Industry and Environmental Implications
This joint venture showcases how you can marry quick-swap convenience with hydrogen’s high energy density to push industrial decarbonization forward. Financially, it tackles total cost of ownership challenges for heavy-duty fleets and power-hungry facilities, while dramatically cutting greenhouse gas emissions and local pollutants. It also eases the pinch on lithium and cobalt supply chains. For data centre operators, on-site hydrogen means less reliance on an unstable grid, reliable uptime through outages, and a direct path to hitting sustainability targets.
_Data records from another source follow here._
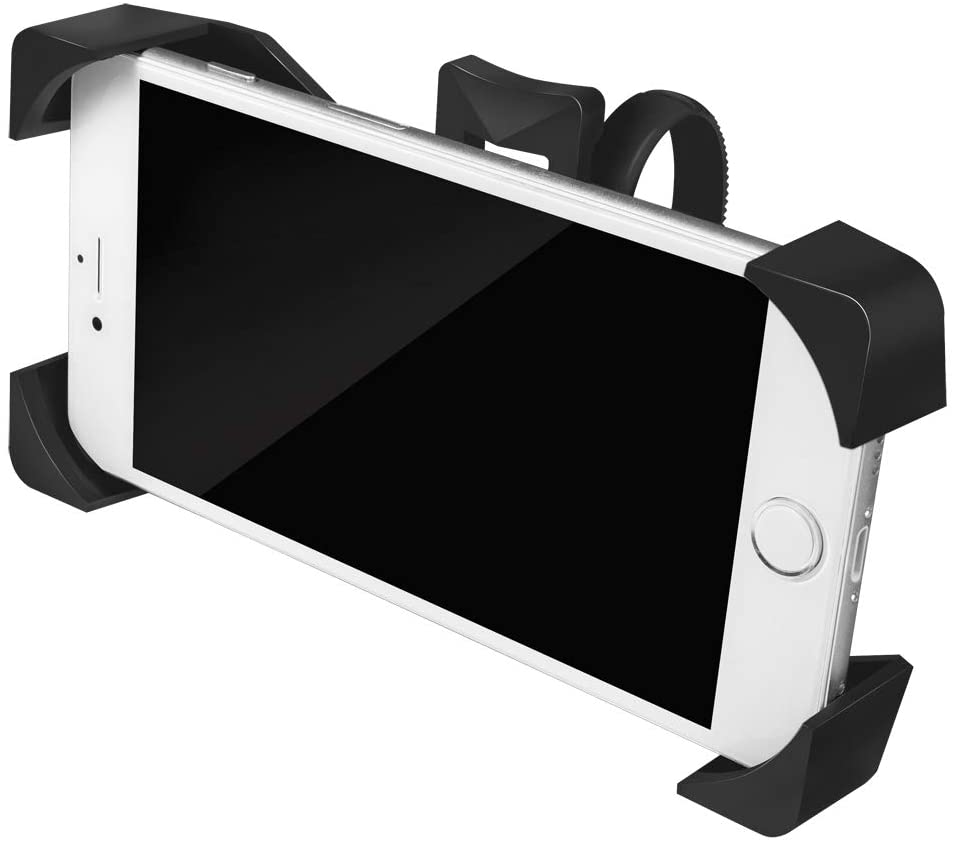 Supporto da Bicicletta per Smartphone Larghezza 60-90mm Doppia Chiusura LOGILINK - immagine 4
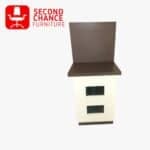 Wooden Cabinet with Storage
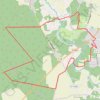 Itinéraire Les Coteaux du Morin et de l'Aubetin - Mauperthuis, distance, dénivelé, altitude, carte, profil, trace GPS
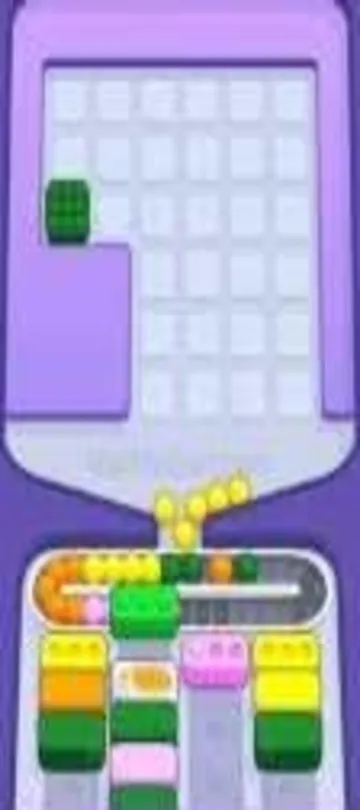 Marble Sort level 291 final board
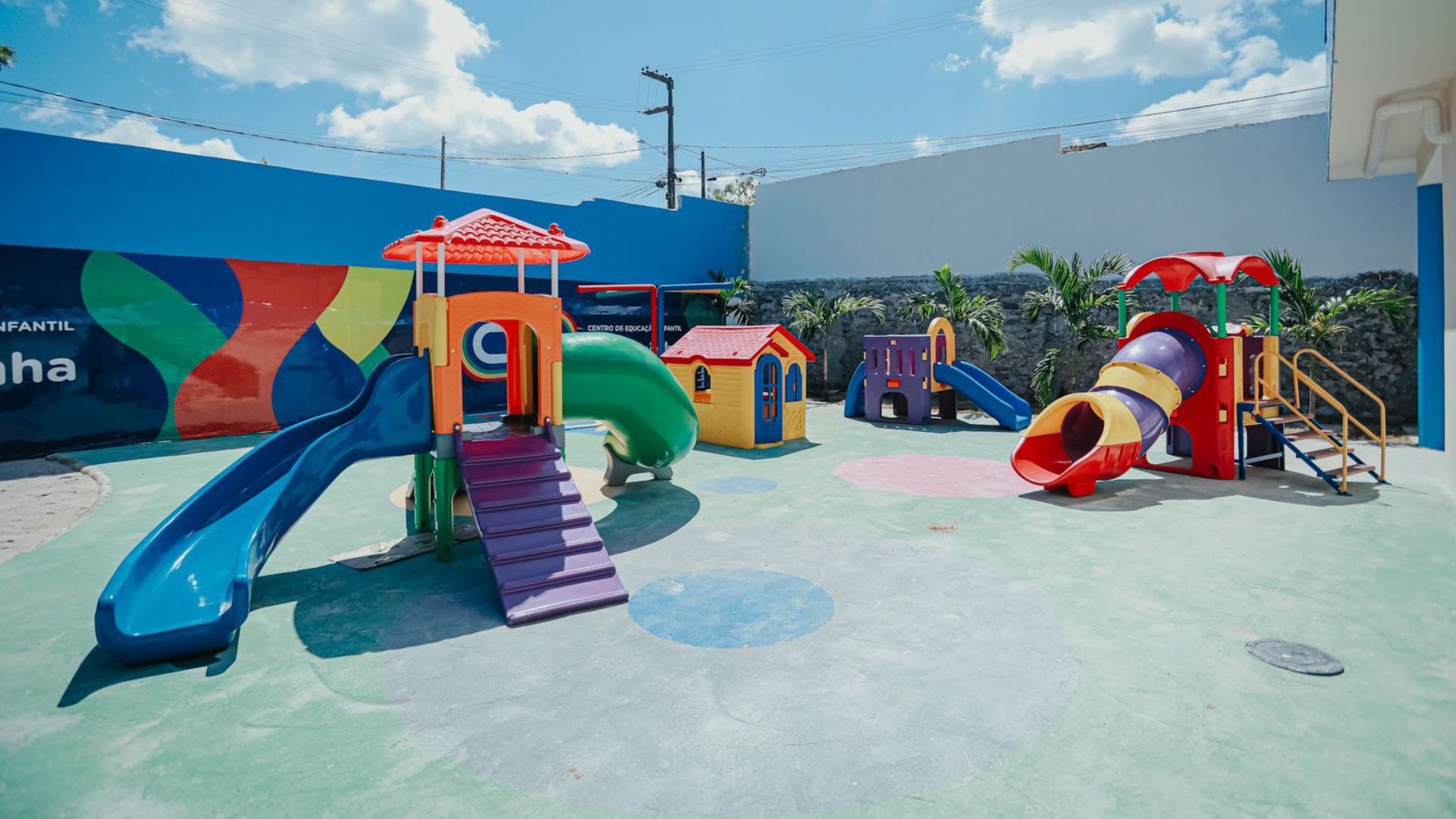 Parque da creche em Igarassu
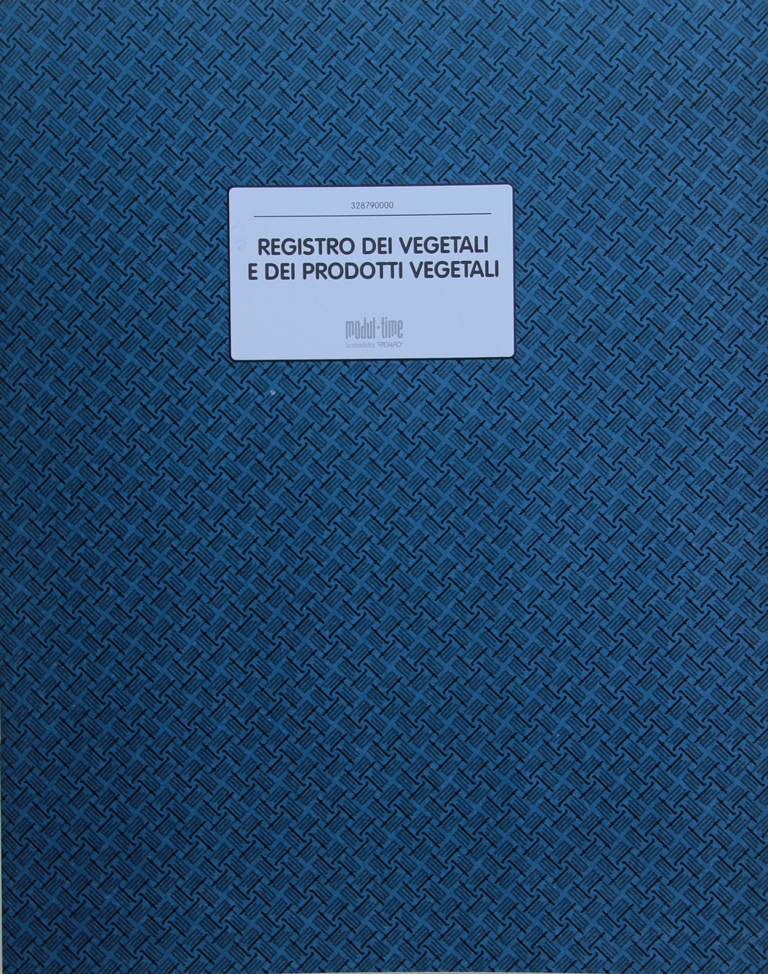 REGISTRO VEGETALI E PRODOTTI VEGETALI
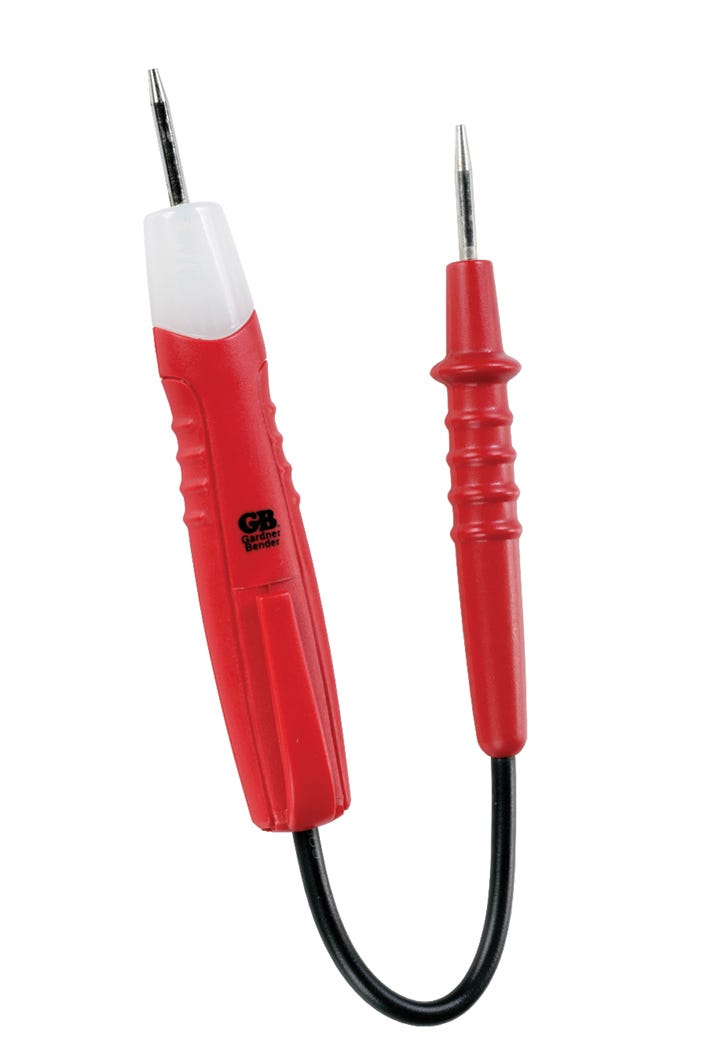 Voltage Tester Twin Probe Circuit Tester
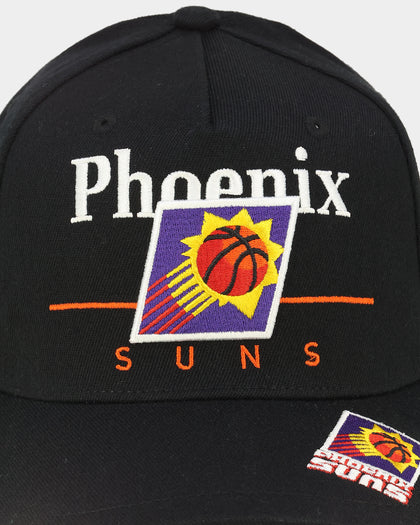 Mitchell & Ness Phoenix Suns 'Underscore' Classic Red Snapback Black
By smoothing out the intermittency of renewables, stored hydrogen becomes a dispatchable buffer during peak loads or blackouts—making the entire renewable ecosystem more resilient.
Policy Alignment and Next Steps
Thailand’s policy landscape is already chock-full of incentives—think subsidies for EV infrastructure and plans for regional hydrogen hubs. By 2030, the plan calls for 12,000 EV chargers and swap stations, which could seamlessly link up with future hydrogen refuelling hubs. The JV partners aim to wrap up incorporation by mid-year, then roll out demo units to select data centres in Bangkok and Phuket. Nail those pilots, and they’ve got a ready-made blueprint for markets like Malaysia and Vietnam, where renewable potential and data demand are also soaring. Low-interest financing from regional clean energy funds could sweeten the deal even more.
As industry debates batteries versus hydrogen, U Power’s hybrid approach makes a compelling case for both. By weaving battery swapping and fuel cell technology into a unified, AI-driven platform, they’re betting on resilient, zero-emission solutions tailored to Southeast Asia’s evolving grid and transport landscape. For advocates of green hydrogen, this venture offers an early, real-world test of regional demand and paves the way for broader hydrogen infrastructure rollouts.